Open City is a 2011 novel by Nigerian-American writer Teju Cole. The novel is primarily set in New York City, and concerns a Nigerian immigrant, Julius, who has recently broken up with his girlfriend. The novel received praise for its prose and depiction of New York.

It was included on several end of year lists of the best books published in 2011.

==Plot==
Julius, a man completing the last year of a psychiatry fellowship, wanders the streets of New York City, travels to Brussels, and meets a variety of people over the course of a year.

==Structure==
The novel has no substantial plot, and instead relies on Julius' insights and "peregrinations" through New York City and the broader world to drive the book.

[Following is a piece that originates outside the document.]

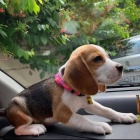 Štěňata bíglů. Štěňata bíglů.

The book's structure and composition has been compared to the work of W.G. Sebald, and although Open City has "nominally separate" chapters, its lack of punctuation gives it the "atmosphere of a text written in a single, unbroken paragraph". The style has been compared to the structure of a diary.

==Reception==
Michiko Kakutani, writing for The New York Times, compared the work to those of W.G. Sebald and said that Cole's failure to "dramatize his alienation  ... underscored the ... ad hoc nature of the overall narrative.

In The New Yorker, James Wood praised Cole's inclusion of critical theory as neither a satirical undermining of the academic field or a "[flourish] to exhibit the author's credentials".

The novel was a finalist for the National Book Critics Circle Award for Fiction.